The Hunger Games: The Ballad of Songbirds & Snakes (2023) Official Trailer 2

Songbirds And Snakes strives to deepen Collins’ original ideas, brazen in their own exploration of how real people who are pummeled into characters for mass consumption can be as dehumanized as the Hunger Games itself. Sadly Songbirds And Snakes never interrogates its most provocative themes, choosing only to lay them bare and point to them without much else. The film mostly meanders in its other half as an ill-fated young adult romance, in which two beautiful people are doomed to never share a life. This tragic love story launches a smokescreen over Songbirds And Snakes’ more compelling threads, and how rich it is that The Hunger Games is distracted from what’s important by what’s juicier.

Songbirds And Snakes misses hard, but it is still semi-competent as sappy fluff. Snow and Lucy Gray are indeed made for each other but not meant to be, with Blyth and Zegler sharing enough chemistry to make it believable that they connect over divisions. (They all get a much-needed alley-oop from Lawrence, who knows how to use his cameras in close-up frames to make both of them just lovely together.) Songbirds And Snakes ultimately lives and dies by one’s tolerance for the ever-reliable but painfully predictable YA convention of two people who could enjoy happiness, if they lived in a totally different reality.

While skillfully made on technical levels, Songbirds And Snakes is thematically inert and uninspired, particularly in an era when everything from Star Wars to DC’s Joker have laboriously sought to find the same sympathy in its devils.
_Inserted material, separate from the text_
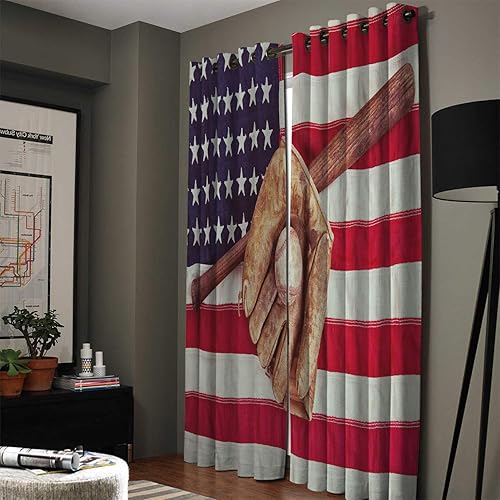 Miniatura 2 de 2 paneles de cortinas de cocina y cafetería, guante de béisbol con bandera nacional, filtrado de luz solar, naturaleza a través de aire, decoración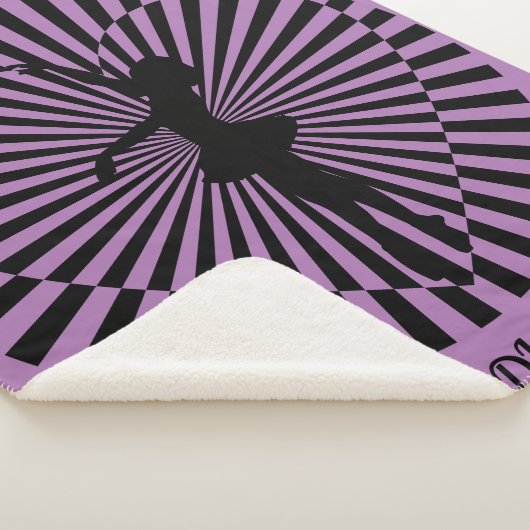 Ballerina op een zwarte en witte abstracte deken. sherpa deken (3/4)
It’s not that doomed romances aren’t fun—Titanic made billions of dollars, remember—but Songbirds And Snakes is little more than big media IP entering its own caustic phase of regurgitation. That it’s about conjuring unnecessary sympathy in an evil man is all the more baffling. To paraphrase a new Zoomer meme: Snow is 18 years old. He should have been at the club.